● Exercise details:
Records follow. Print exactly the lines from the one that has "Handball, UHK Krems - HC Linz" through the one that has "Waterproof and breathable", inclusive, and omit the pictures.

● Given records:
———

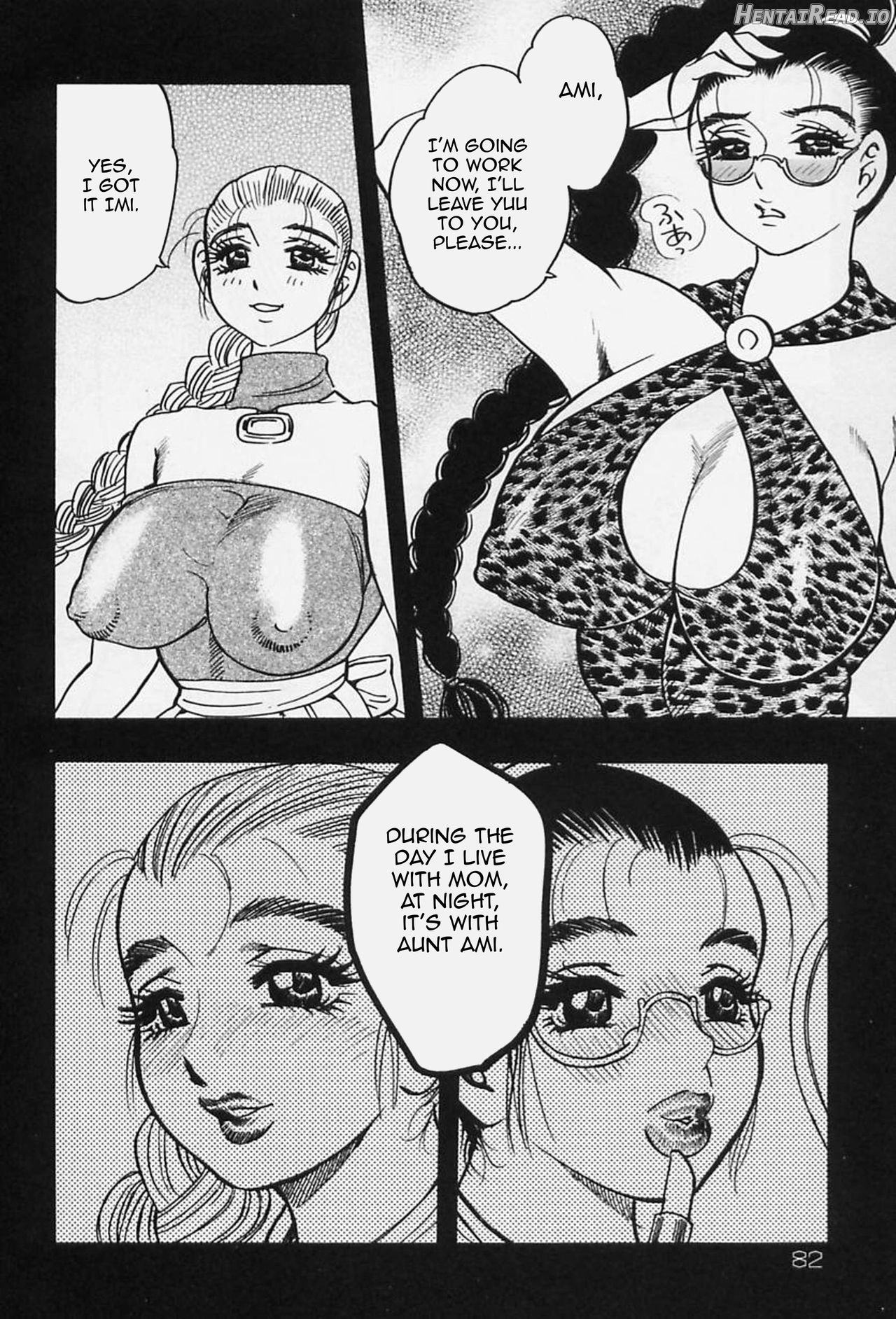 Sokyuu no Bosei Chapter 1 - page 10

———

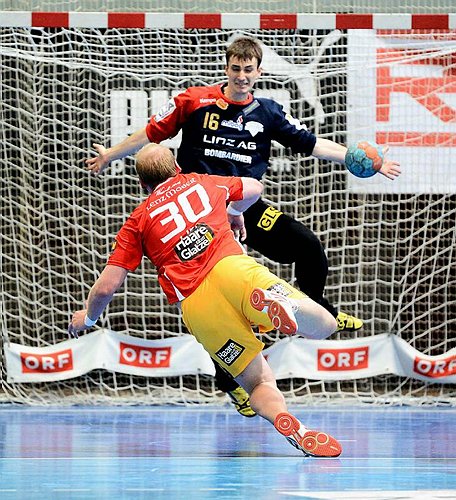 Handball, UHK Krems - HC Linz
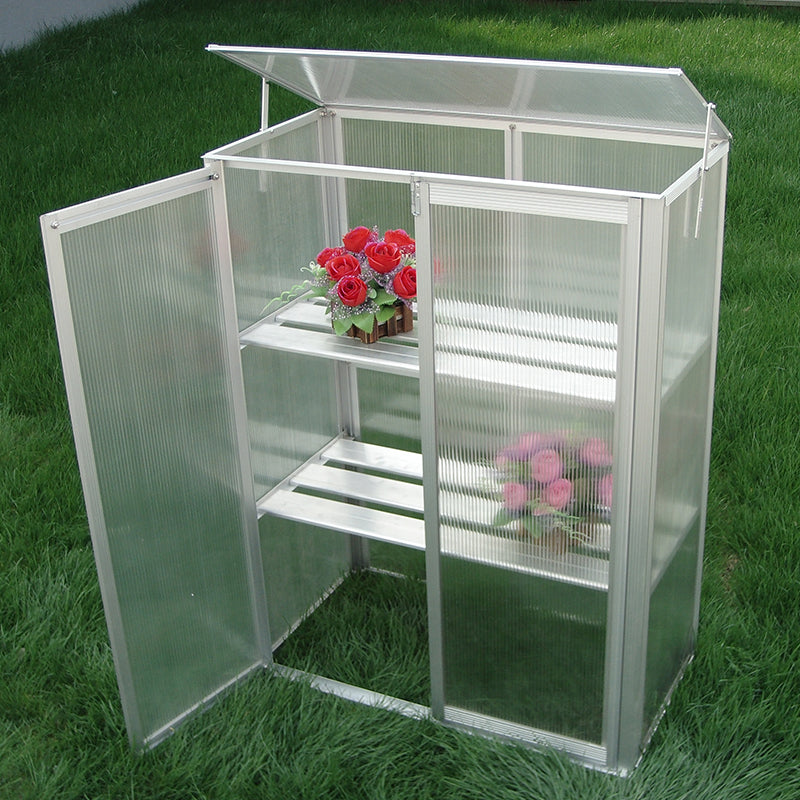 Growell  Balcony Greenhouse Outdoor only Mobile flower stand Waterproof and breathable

———

● Exercise solution:
 Handball, UHK Krems - HC Linz
 Growell  Balcony Greenhouse Outdoor only Mobile flower stand Waterproof and breathable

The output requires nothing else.